Planning right is vital. Learn from others and imitate the innovators. Jumping fast into the pilot project will bring with it lots of issues. Make sure your strategic planning project considers all aspects of the project: planning, vendor integration points and organisational structure, together with the overall budget available/needed.

Running a comprehensive programme will bring a level of cost-effectiveness and a sense of supply security. However, you need to go beyond the obvious to capture value beyond compliance.

Here is a more specific set of initiatives that can be run as part of your serialisation programme to reduce the total cost of compliance, and which may bring value as a competitive advantage in the short term.

1. Partner with experienced consultants and get the strategy right
Leverage consulting support to learn from industry mistakes and plan the project strategy correctly from the beginning. The difference between having a technology vendor quoting you with or without the presence of an experienced track-and-trace consultant might be significant if you are not familiar with various solution options that are available to solve your serialisation challenges.

2. Plan end to end, order in bulk
Planning the entire programme end-to-end means that all relevant costs and resource requirements are considered from the beginning to avoid issues later. Once the entire scope is clear, ordering some of the equipment in bulk may generate substantial savings for vendors, which is then passed on to the customers.

3. Consolidate packaging lines and sites
The future of your supply network is a critical decision, and consolidating slower packaging lines into a fewer number of faster lines will minimise track-and-trace investments. Similarly, avoiding investments in a site that may not exist in the future supply network is an important consideration, which requires an upfront strategic assessment.
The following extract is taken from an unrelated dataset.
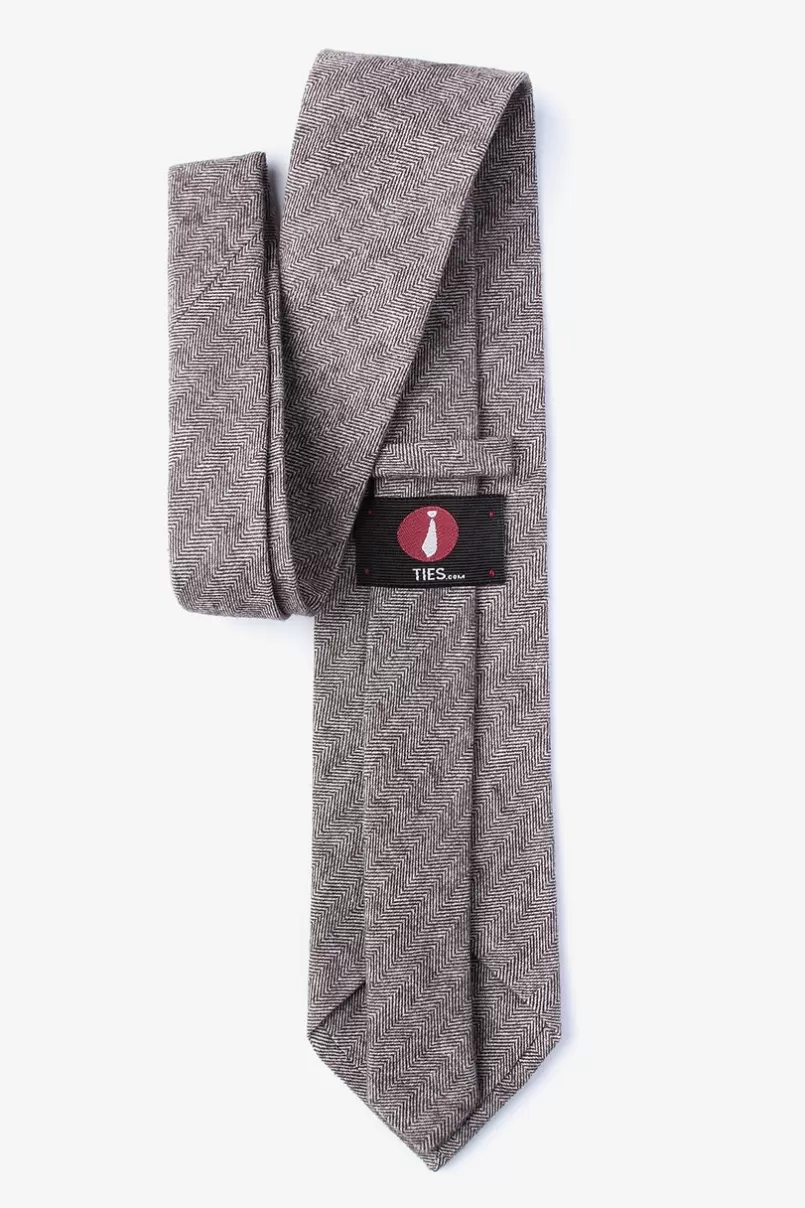 Ties Niles Extra Long Tie Brown Shop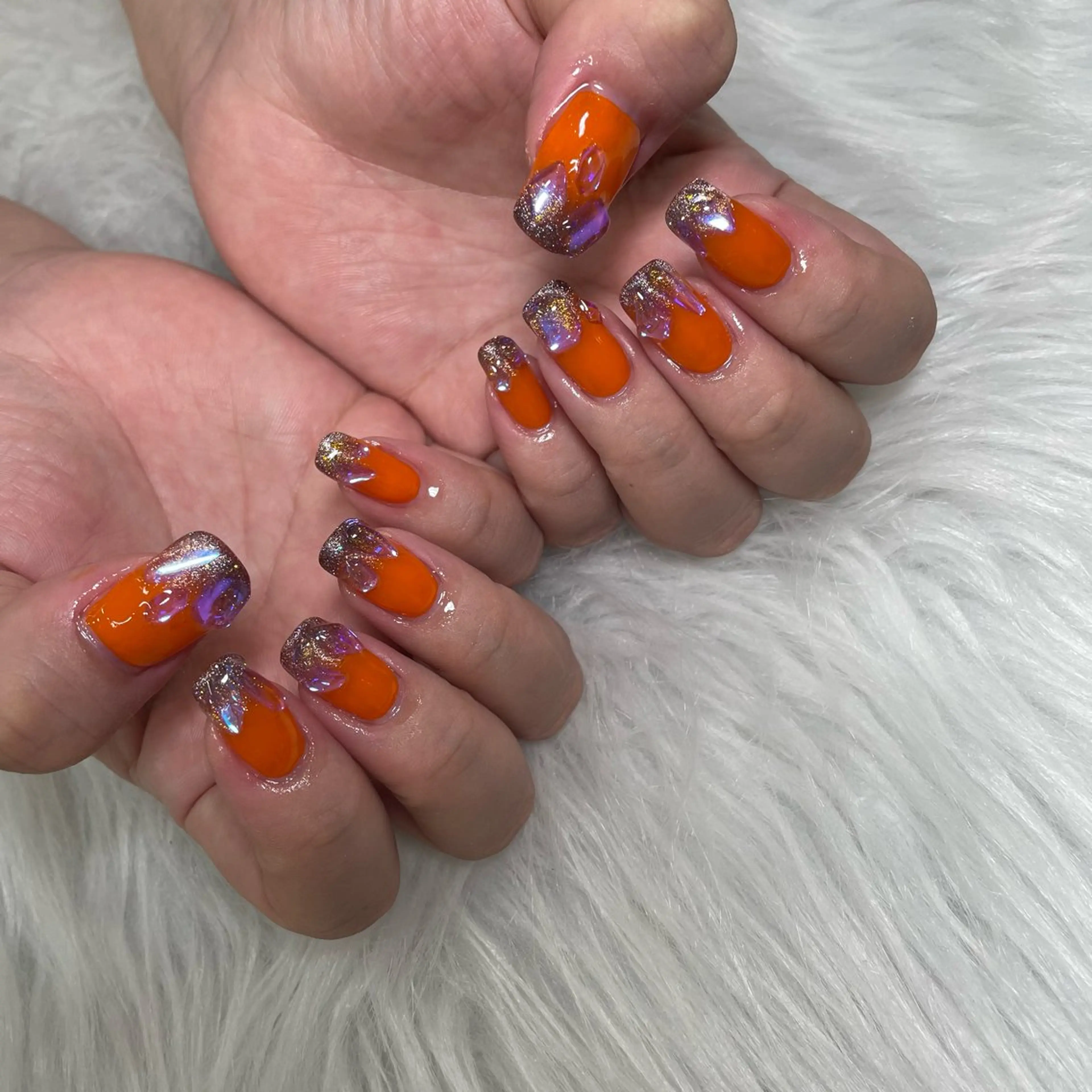 ネイル ハロウィン ハンドネイル E 大和八木/ minatsuのネイルデザイン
4. Select the right vendor combinations and negotiate on TCO
Various cost models exist, and choosing purely on the one-time initial investment is a typical mistake. Companies should evaluate and negotiate on total cost of ownership (TCO), which also includes annual maintenance and service contracts, and future, potentially frequent, upgrade needs as new countries come into the picture. Choosing vendors that have worked together before will also minimise the cost of building new interfaces and reduce the project delays.

5. Optimise your roll-out timeline and resource planning
Spreading the investment over the available timeline is a wise strategy. However, the resources required towards the end of serialisation programmes may not be easily sourced due to industry competition and high demand on these resources. Timelines should be optimised with resource constraints in mind.

Happy returns

Besides the above-mentioned cost-saving strategies that deliver value to pharmaceutical companies, there are also a good number of return on investment (ROI) initiatives that could be launched to increase the value of the new technology for the company. In some cases, the returns might significantly exceed the initial investment amounts. Hence, it would be wise to investigate the potential value early in the programme.

Most of the ROI initiatives are concentrated in supply chain operations. These include: better returns tracking and refund management, shortage tracking and claims optimisation, and inventory tracking and visibility. There are also large potential savings in the packaging operations area, such as overall equipment efficiency (OEE) improvements, or specific initiatives focusing on boosting productivity in the distribution centres, both of which are expected to experience efficiency losses due to new serialisation systems and processes. Innovator companies are leading the way in analysing these ROI initiatives earlier in their programmes, but these proposals would be equally important for smaller-scale companies looking to stay competitive with their cost structures.

Now that you know what you need to do, don’t wait to understand everything in every detail. Get the programme started, learn quickly and start aligning your senior leadership soon. Whether you call it Bass’s diffusion theory, Darwin’s evolution theory or a big meteor approaching fast, you don’t want to be eliminated from the world of pharmaceuticals because you failed to take action.